With both ends included, repeat exactly the lines of the entries below from the one containing "Hyundai Tucson — imagine 4" down to the one containing "[Dumplis] Nano and Stacy изображение № 3", and no others.

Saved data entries

————

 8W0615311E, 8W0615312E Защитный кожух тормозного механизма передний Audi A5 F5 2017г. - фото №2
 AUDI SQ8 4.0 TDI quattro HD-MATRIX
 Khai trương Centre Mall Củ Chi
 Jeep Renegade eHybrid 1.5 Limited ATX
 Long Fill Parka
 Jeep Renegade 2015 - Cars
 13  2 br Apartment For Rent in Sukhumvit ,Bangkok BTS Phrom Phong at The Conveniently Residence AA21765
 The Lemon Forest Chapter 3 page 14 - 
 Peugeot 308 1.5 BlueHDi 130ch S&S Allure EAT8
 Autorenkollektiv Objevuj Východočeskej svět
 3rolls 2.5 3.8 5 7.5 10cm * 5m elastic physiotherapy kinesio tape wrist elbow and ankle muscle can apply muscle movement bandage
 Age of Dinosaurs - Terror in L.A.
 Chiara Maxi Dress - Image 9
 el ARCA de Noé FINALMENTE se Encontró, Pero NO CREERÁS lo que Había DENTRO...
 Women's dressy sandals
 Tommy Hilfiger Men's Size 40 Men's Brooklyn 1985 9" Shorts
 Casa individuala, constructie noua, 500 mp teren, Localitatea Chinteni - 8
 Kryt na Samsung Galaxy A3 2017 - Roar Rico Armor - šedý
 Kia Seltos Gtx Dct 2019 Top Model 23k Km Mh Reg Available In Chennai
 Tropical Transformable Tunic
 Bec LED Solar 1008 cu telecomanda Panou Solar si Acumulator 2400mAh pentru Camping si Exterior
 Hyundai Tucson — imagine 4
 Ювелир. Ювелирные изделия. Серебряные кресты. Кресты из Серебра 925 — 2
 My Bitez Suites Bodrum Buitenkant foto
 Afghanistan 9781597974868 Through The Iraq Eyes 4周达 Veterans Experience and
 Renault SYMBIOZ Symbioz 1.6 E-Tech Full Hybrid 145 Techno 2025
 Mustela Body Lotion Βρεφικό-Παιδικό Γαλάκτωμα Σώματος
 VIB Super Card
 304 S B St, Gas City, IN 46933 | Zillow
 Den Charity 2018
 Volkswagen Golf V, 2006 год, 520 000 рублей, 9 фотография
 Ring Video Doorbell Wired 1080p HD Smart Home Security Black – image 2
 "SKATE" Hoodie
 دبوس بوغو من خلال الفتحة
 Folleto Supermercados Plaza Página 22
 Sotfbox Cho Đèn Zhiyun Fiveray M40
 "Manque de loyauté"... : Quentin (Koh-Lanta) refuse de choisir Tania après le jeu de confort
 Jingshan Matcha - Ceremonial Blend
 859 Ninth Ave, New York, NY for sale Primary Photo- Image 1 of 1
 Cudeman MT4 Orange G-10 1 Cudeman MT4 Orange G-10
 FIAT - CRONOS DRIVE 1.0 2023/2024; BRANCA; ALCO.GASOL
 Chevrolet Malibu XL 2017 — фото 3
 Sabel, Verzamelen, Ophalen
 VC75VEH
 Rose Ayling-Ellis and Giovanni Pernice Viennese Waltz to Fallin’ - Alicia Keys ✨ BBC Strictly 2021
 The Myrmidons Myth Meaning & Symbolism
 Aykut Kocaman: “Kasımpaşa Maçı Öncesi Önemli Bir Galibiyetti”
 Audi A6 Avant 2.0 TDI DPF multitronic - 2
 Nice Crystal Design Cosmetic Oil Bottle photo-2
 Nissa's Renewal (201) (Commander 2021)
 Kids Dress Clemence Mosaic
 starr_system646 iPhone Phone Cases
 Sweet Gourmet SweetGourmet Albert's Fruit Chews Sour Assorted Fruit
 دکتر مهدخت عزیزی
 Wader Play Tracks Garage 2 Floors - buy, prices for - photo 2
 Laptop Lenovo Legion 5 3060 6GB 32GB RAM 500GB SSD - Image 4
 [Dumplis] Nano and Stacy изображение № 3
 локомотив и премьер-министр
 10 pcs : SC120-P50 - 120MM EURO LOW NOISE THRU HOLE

————

» Result of this task
 Hyundai Tucson — imagine 4
 Ювелир. Ювелирные изделия. Серебряные кресты. Кресты из Серебра 925 — 2
 My Bitez Suites Bodrum Buitenkant foto
 Afghanistan 9781597974868 Through The Iraq Eyes 4周达 Veterans Experience and
 Renault SYMBIOZ Symbioz 1.6 E-Tech Full Hybrid 145 Techno 2025
 Mustela Body Lotion Βρεφικό-Παιδικό Γαλάκτωμα Σώματος
 VIB Super Card
 304 S B St, Gas City, IN 46933 | Zillow
 Den Charity 2018
 Volkswagen Golf V, 2006 год, 520 000 рублей, 9 фотография
 Ring Video Doorbell Wired 1080p HD Smart Home Security Black – image 2
 "SKATE" Hoodie
 دبوس بوغو من خلال الفتحة
 Folleto Supermercados Plaza Página 22
 Sotfbox Cho Đèn Zhiyun Fiveray M40
 "Manque de loyauté"... : Quentin (Koh-Lanta) refuse de choisir Tania après le jeu de confort
 Jingshan Matcha - Ceremonial Blend
 859 Ninth Ave, New York, NY for sale Primary Photo- Image 1 of 1
 Cudeman MT4 Orange G-10 1 Cudeman MT4 Orange G-10
 FIAT - CRONOS DRIVE 1.0 2023/2024; BRANCA; ALCO.GASOL
 Chevrolet Malibu XL 2017 — фото 3
 Sabel, Verzamelen, Ophalen
 VC75VEH
 Rose Ayling-Ellis and Giovanni Pernice Viennese Waltz to Fallin’ - Alicia Keys ✨ BBC Strictly 2021
 The Myrmidons Myth Meaning & Symbolism
 Aykut Kocaman: “Kasımpaşa Maçı Öncesi Önemli Bir Galibiyetti”
 Audi A6 Avant 2.0 TDI DPF multitronic - 2
 Nice Crystal Design Cosmetic Oil Bottle photo-2
 Nissa's Renewal (201) (Commander 2021)
 Kids Dress Clemence Mosaic
 starr_system646 iPhone Phone Cases
 Sweet Gourmet SweetGourmet Albert's Fruit Chews Sour Assorted Fruit
 دکتر مهدخت عزیزی
 Wader Play Tracks Garage 2 Floors - buy, prices for - photo 2
 Laptop Lenovo Legion 5 3060 6GB 32GB RAM 500GB SSD - Image 4
 [Dumplis] Nano and Stacy изображение № 3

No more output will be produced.